Le previsioni più recenti indicano l'orario attorno alle 2.50 ora di Greenwich (in Italia saranno le 4.50) di domenica primo aprile

Da www.fhr.fraunhofer.de

"Attualmente, la possibilità che uno o più frammenti della stazione spaziale Tiangong-1 possano cadere sul territorio italiano (terre emerse) corrisponde a una probabilità stimabile intorno allo 0,02%". La Protezione Civile continua a seguire le operazioni di rientro in atmosfera del primo modulo sperimentale cinese Tiangong-1. Sulla base degli ultimi dati forniti dall’Agenzia Spaziale Italiana, al momento, la previsione di rientro sulla Terra è stimata per domenica alle 4.50, con una finestra di incertezza di circa 20 ore. "Non è ancora possibile escludere, all’interno di questo arco temporale, la remota possibilità che uno o più frammenti del satellite possano cadere sul nostro territorio - viene evidenziato dal dipartimento nazionale della Protezione Civile -. Le finestre di interesse per l’Italia, che al momento coinvolgono le regioni che si trovano a sud del 44° parallelo nord, potranno essere confermate e definite nelle 36 ore precedenti il rientro".

A titolo informativo, inoltre, si riportano le misure di auto protezione indicate ai cittadini dal Dipartimento Nazionale di Protezione Civile (consultabili al link https://www.protezionecivile.gov.it/jcms/it/norme_autoprot_tiangong.wp): "Ricordiamo che eventi di questo tipo e casi reali di impatto sulla Terra, e in particolare sulla terraferma, sono assai rari.

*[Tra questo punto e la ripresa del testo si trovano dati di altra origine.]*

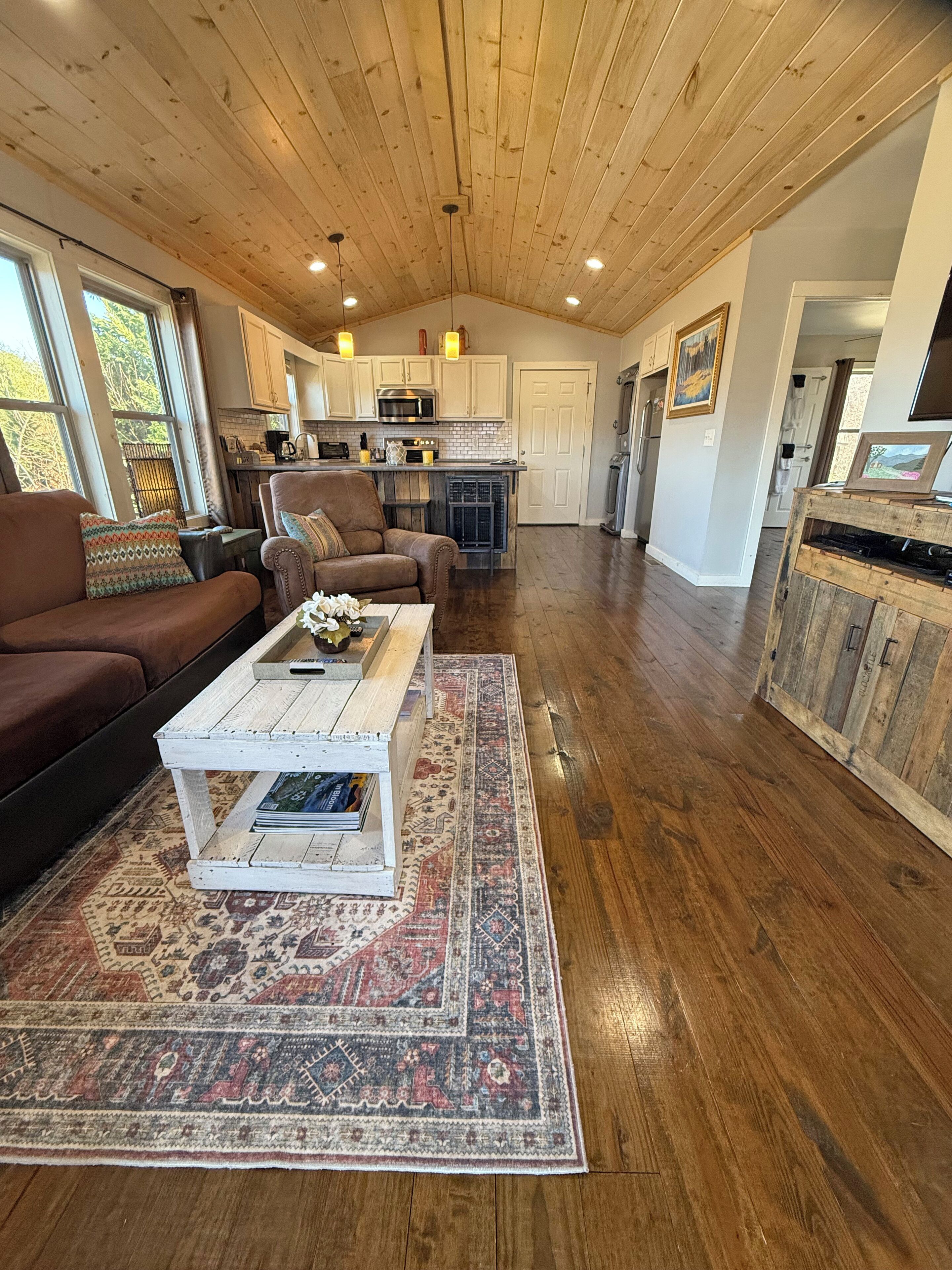 TV, fireplace, DVD player, books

Pertanto non esistono comportamenti di autotutela codificati in ambito internazionale da adottare a fronte di questa tipologia di eventi. Tuttavia, sulla base delle informazioni attualmente rese disponibili dalla comunità scientifica, è possibile fornire, pur nell’incertezza connessa alla molteplicità delle variabili, alcune indicazioni utili alla popolazione affinché adotti responsabilmente comportamenti di autoprotezione qualora si trovi nei territori potenzialmente esposti all’impatto".

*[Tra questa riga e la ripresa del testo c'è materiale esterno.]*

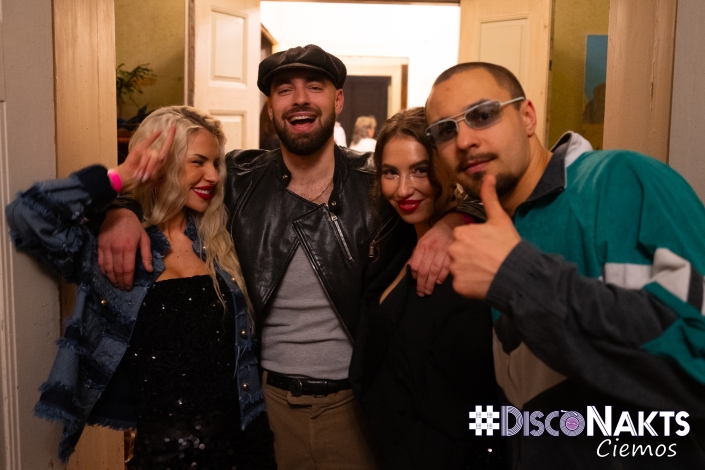 Padures muiža. Disco 80-90 noskaņa.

"E' poco probabile che i frammenti causino il crollo di edifici, che pertanto sono da considerarsi più sicuri rispetto ai luoghi aperti. Si consiglia, comunque, di stare lontani dalle finestre e porte vetrate - viene evidenziato -. I frammenti impattando sui tetti degli edifici potrebbero causare danni, perforando i tetti stessi e i solai sottostanti, così determinando anche pericolo per le persone: pertanto, non disponendo di informazioni precise sulla vulnerabilità delle singole strutture, si può affermare che sono più sicuri i piani più bassi degli edifici. All’interno degli edifici i posti strutturalmente più sicuri dove posizionarsi nel corso dell’eventuale impatto sono, per gli edifici in muratura, sotto le volte dei piani inferiori e nei vani delle porte inserite nei muri portanti (quelli più spessi), per gli edifici in cemento armato, in vicinanza delle colonne e, comunque, in vicinanza delle pareti. E' poco probabile che i frammenti più piccoli siano visibili da terra prima dell'impatto. Alcuni frammenti di grandi dimensioni potrebbero sopravvivere all'impatto e contenere idrazina. In linea generale, si consiglia a chiunque avvistasse un frammento, senza toccarlo e mantenendosi a un distanza di almeno 20 metri, di segnalarlo immediatamente alle autorità competenti".